→ Task prompt: Using only the entries below, output the lines starting at the one containing "Una joven pelirroja" and ending at the one containing "three different pens", exactly and inclusive of both, omitting the pictures.

→ Provided information:
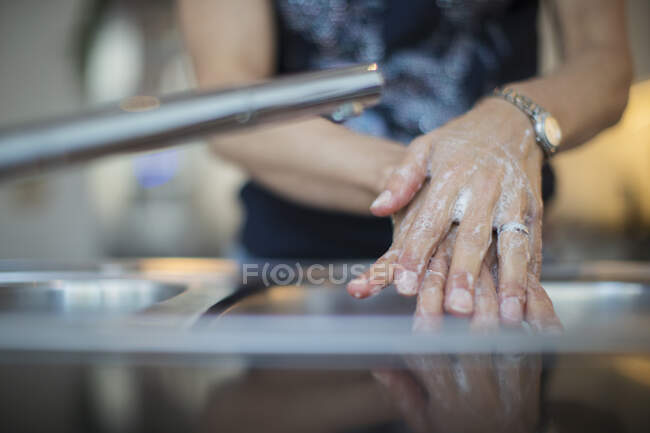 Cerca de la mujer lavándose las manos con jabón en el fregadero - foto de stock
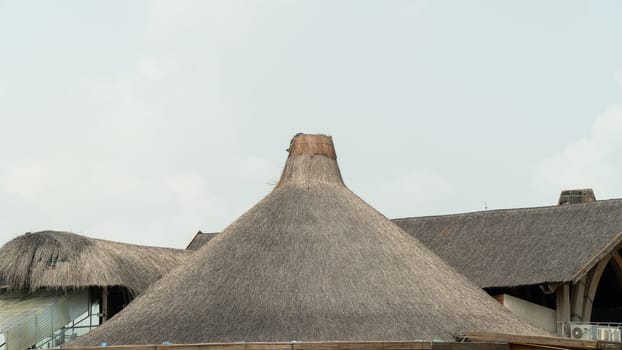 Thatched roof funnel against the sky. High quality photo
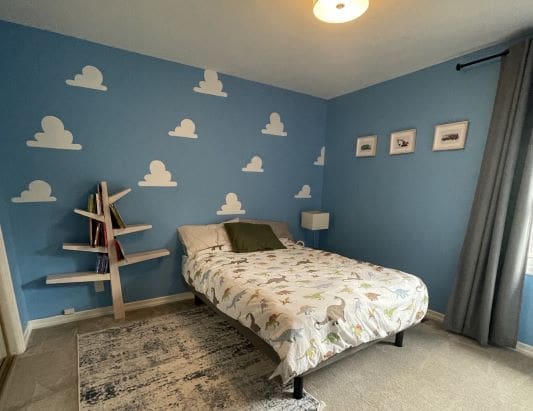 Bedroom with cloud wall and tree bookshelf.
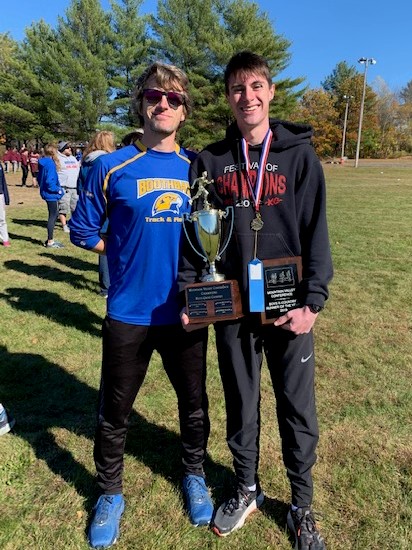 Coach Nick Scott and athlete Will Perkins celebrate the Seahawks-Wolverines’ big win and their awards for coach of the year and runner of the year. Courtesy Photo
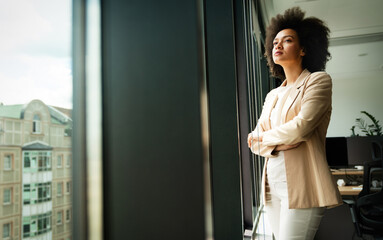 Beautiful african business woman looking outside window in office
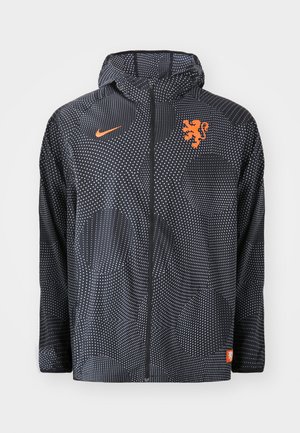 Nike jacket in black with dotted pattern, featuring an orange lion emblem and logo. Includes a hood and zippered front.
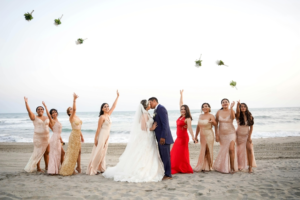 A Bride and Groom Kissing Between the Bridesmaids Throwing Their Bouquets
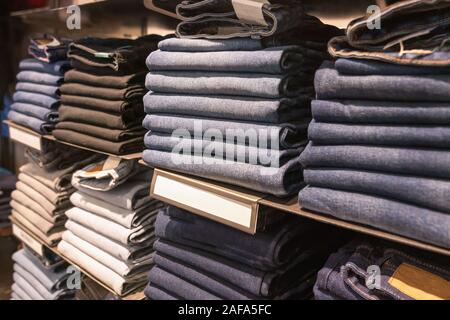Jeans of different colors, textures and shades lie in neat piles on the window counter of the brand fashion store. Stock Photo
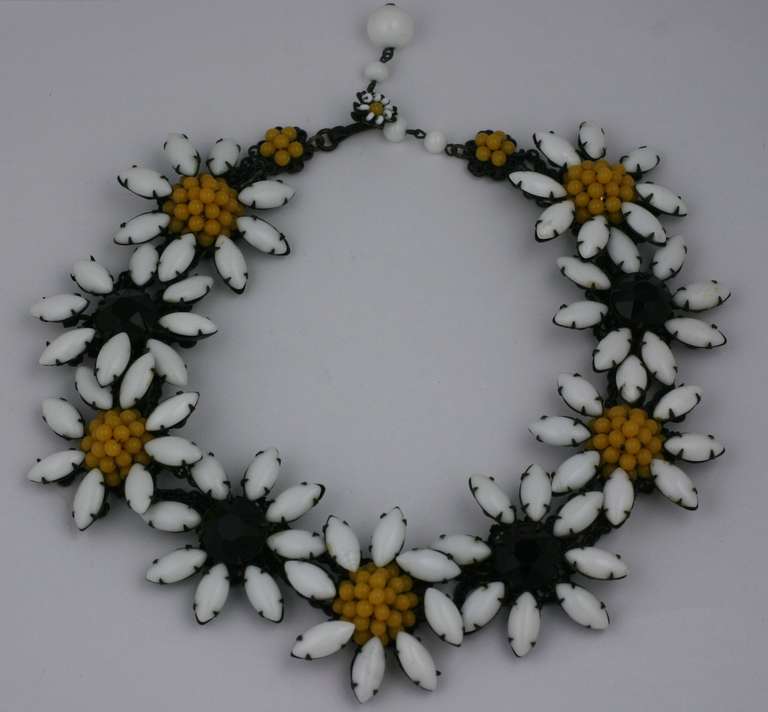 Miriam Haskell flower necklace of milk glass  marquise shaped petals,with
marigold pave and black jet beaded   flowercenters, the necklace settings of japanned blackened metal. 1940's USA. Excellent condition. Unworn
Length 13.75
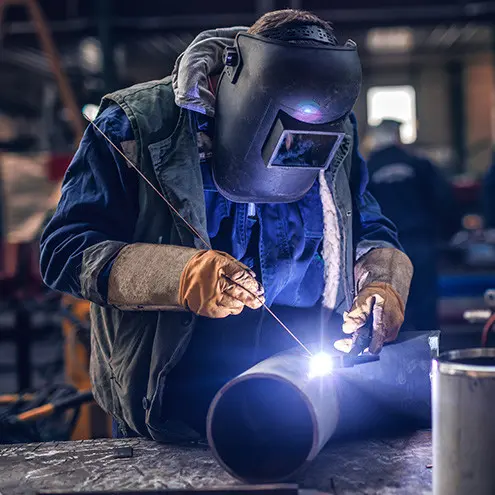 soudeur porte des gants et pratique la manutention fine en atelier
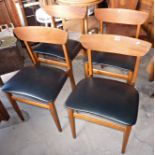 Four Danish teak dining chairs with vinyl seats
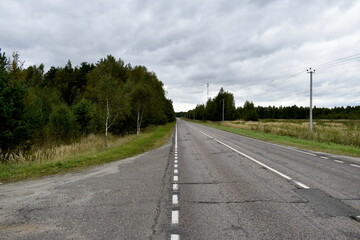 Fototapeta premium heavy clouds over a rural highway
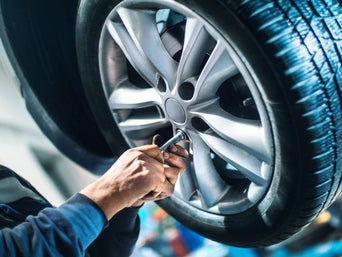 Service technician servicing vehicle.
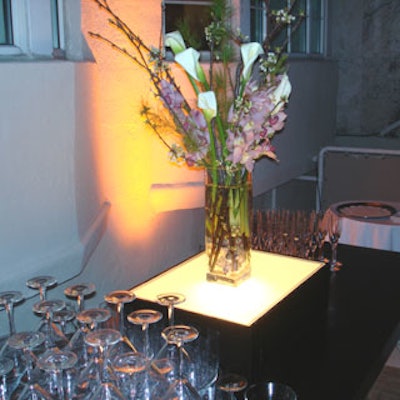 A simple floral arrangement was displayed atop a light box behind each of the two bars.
* * *
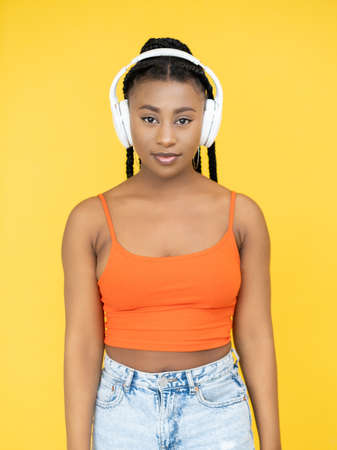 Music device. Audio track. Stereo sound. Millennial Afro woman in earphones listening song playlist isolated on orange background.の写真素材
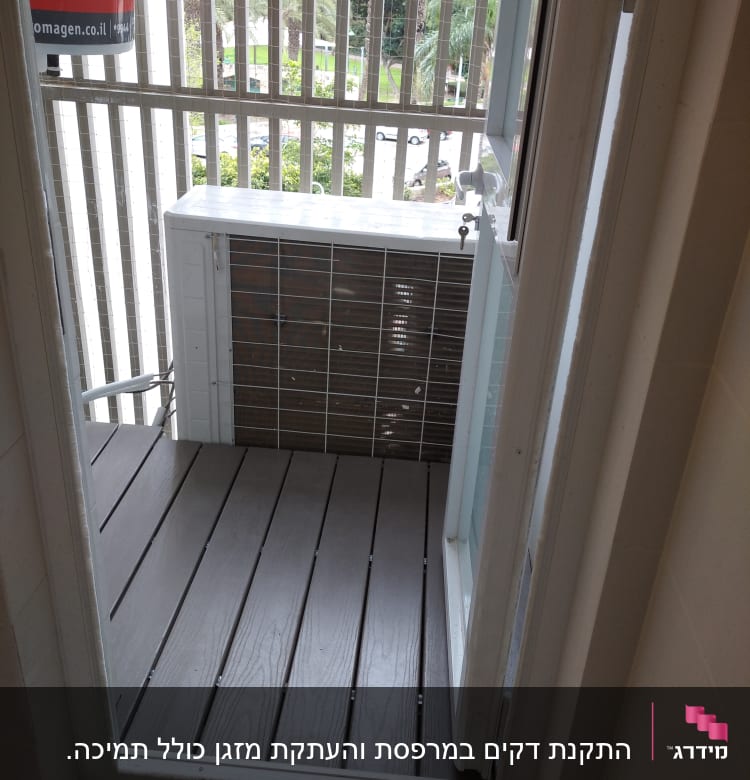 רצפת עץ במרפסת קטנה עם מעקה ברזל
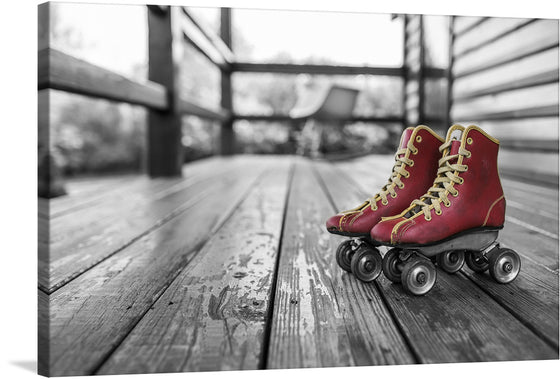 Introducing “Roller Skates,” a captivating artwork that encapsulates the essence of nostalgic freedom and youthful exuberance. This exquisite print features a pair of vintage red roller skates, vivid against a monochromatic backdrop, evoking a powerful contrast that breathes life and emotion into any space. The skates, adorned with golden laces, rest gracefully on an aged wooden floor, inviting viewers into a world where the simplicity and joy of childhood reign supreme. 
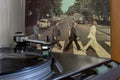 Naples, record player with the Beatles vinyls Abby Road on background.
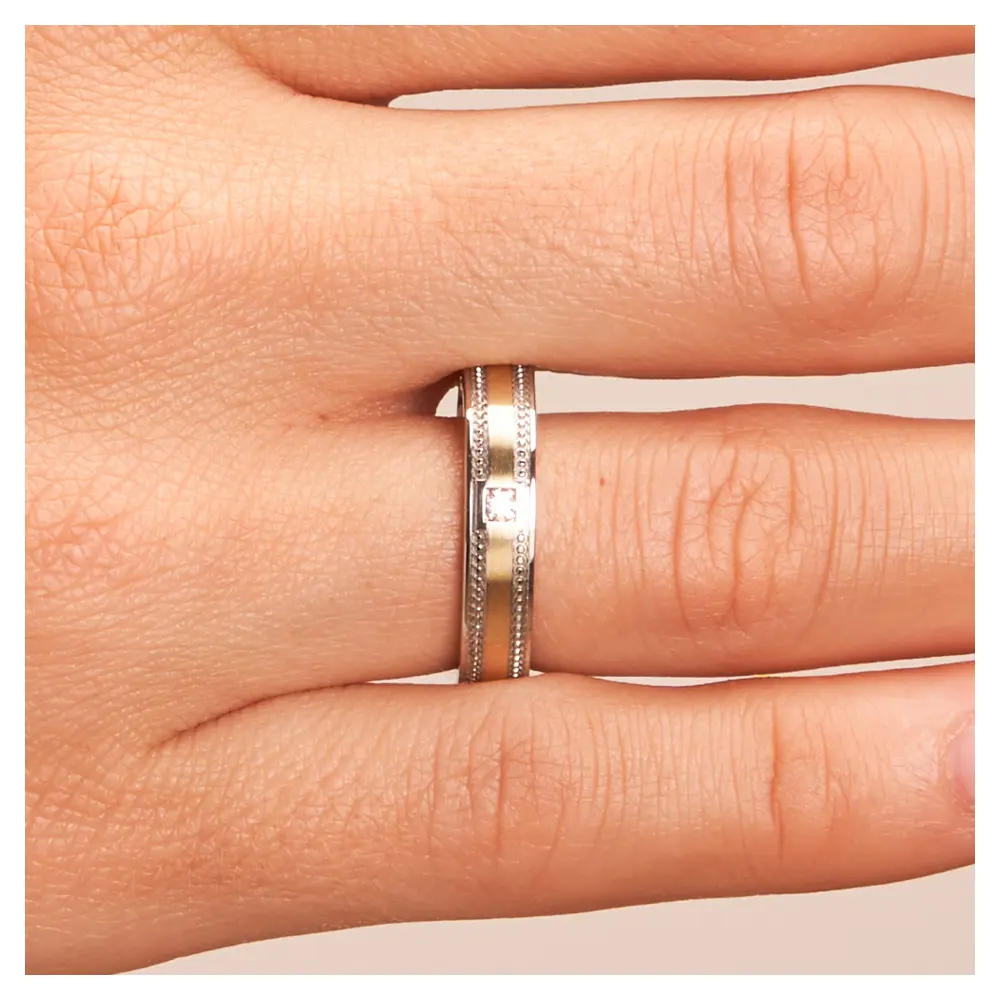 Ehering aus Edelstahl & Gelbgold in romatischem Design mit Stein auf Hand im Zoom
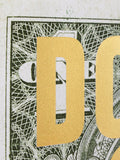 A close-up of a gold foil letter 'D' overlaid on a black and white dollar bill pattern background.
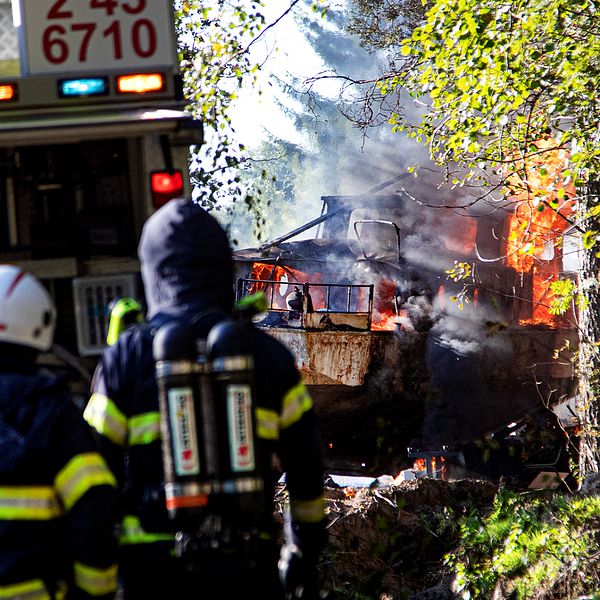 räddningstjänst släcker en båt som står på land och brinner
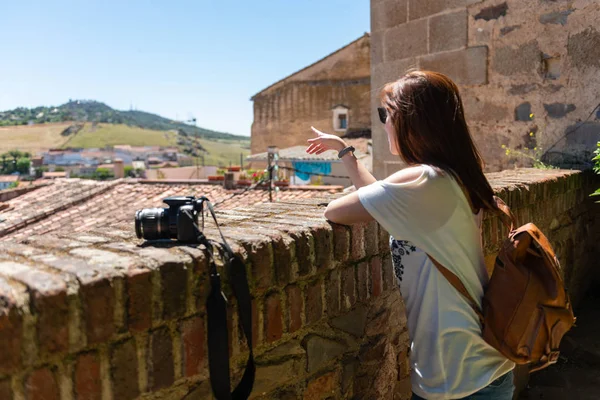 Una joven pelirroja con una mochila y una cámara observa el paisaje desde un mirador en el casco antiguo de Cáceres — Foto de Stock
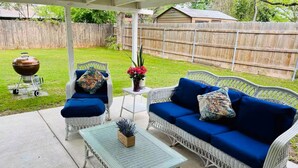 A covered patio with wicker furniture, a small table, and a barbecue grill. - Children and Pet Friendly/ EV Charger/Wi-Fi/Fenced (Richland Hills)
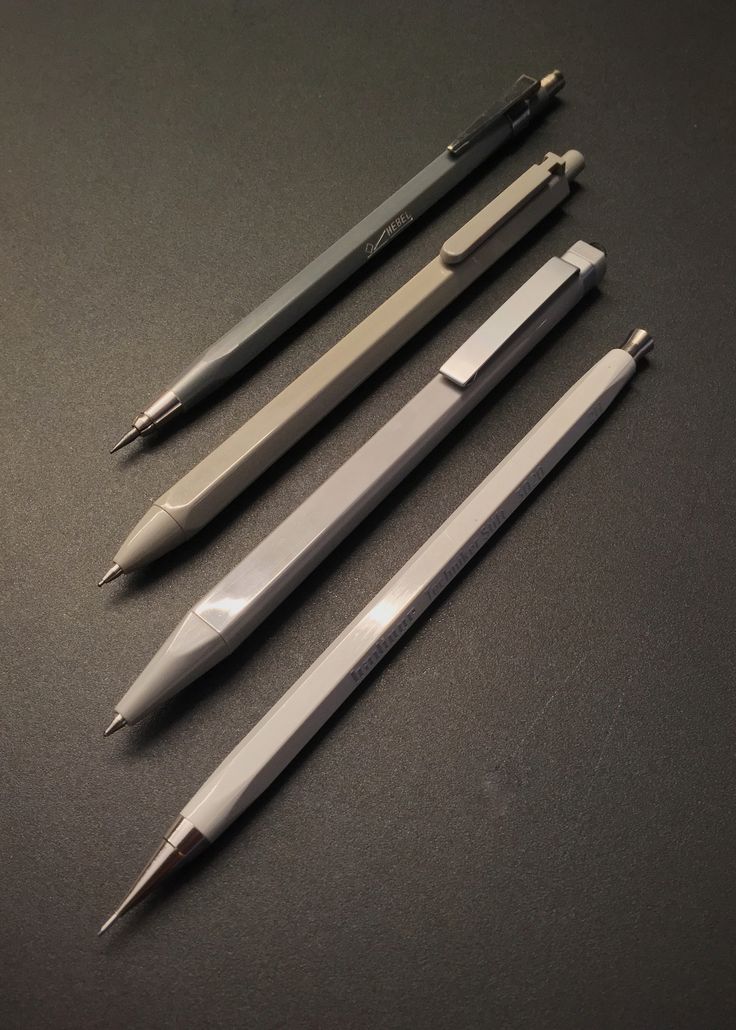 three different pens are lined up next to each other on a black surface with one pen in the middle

→ Solution for this exercise:
 Una joven pelirroja con una mochila y una cámara observa el paisaje desde un mirador en el casco antiguo de Cáceres — Foto de Stock
 A covered patio with wicker furniture, a small table, and a barbecue grill. - Children and Pet Friendly/ EV Charger/Wi-Fi/Fenced (Richland Hills)
 three different pens are lined up next to each other on a black surface with one pen in the middle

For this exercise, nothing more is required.